TASK TO CARRY OUT: Without any pictures, print the lines below from the one that has "Screenshot aus dem" through the one that has "東京都新宿区市谷台町【マンション】の外観", exactly and nothing else.

LISTED ENTRIES:
----------------------------------------

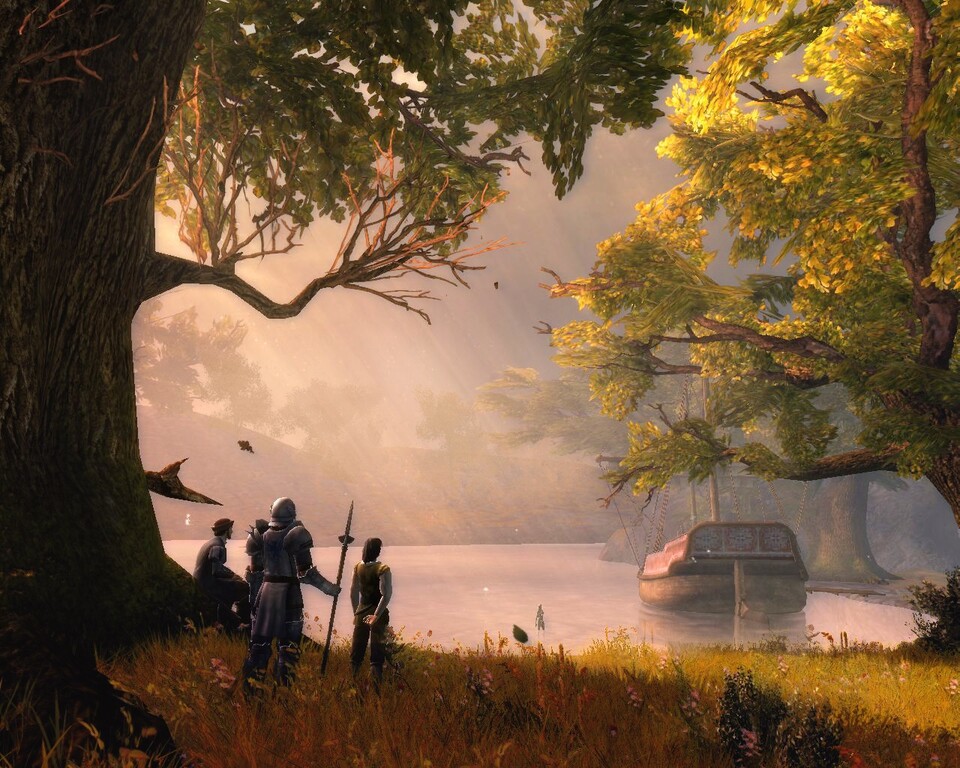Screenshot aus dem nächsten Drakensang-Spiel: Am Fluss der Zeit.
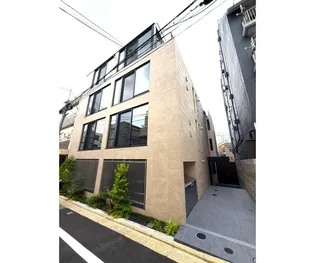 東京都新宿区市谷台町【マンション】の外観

----------------------------------------

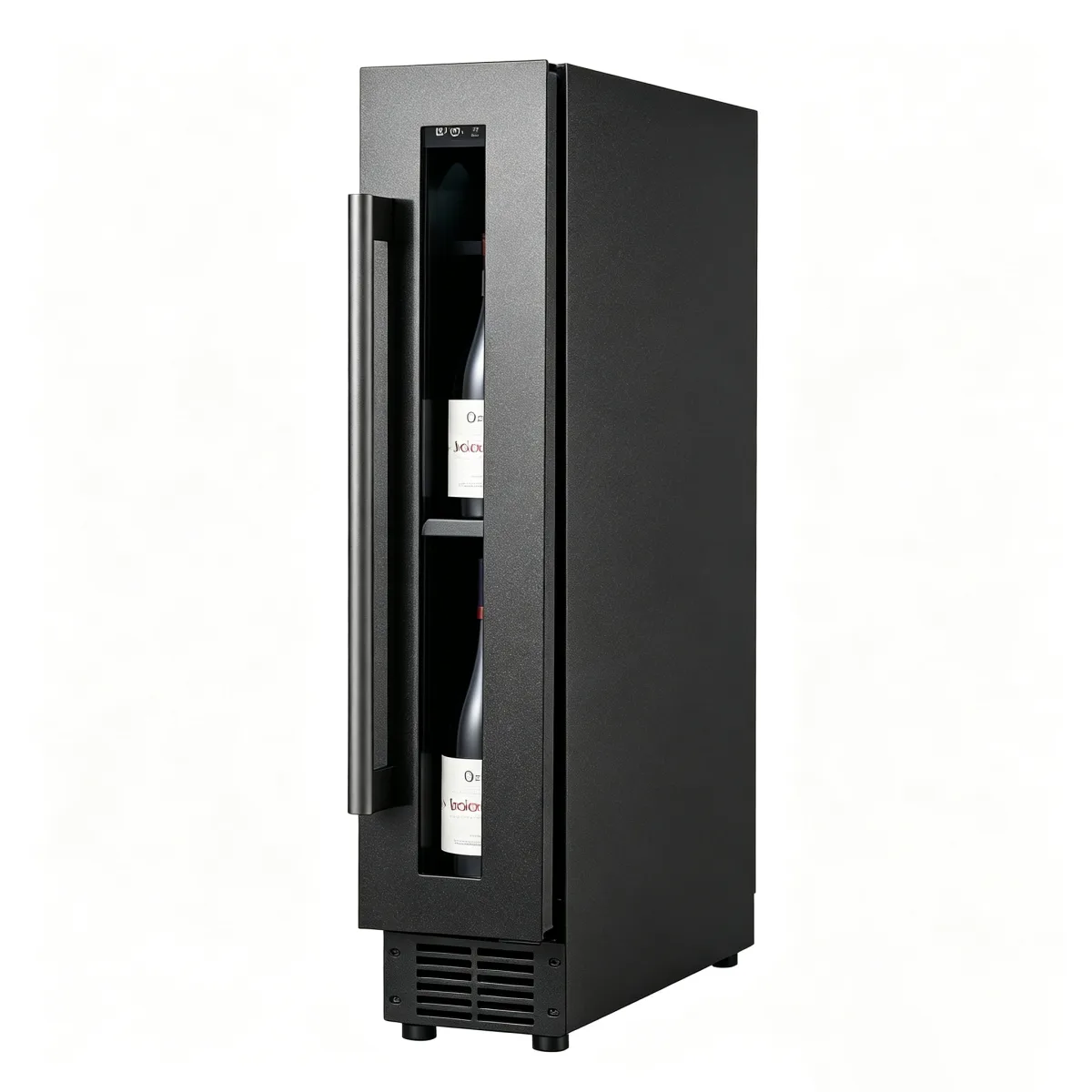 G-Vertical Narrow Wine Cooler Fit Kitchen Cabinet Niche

----------------------------------------

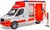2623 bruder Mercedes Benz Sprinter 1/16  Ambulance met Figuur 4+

----------------------------------------

REPLY TO THE EXERCISE:
Screenshot aus dem nächsten Drakensang-Spiel: Am Fluss der Zeit.
 東京都新宿区市谷台町【マンション】の外観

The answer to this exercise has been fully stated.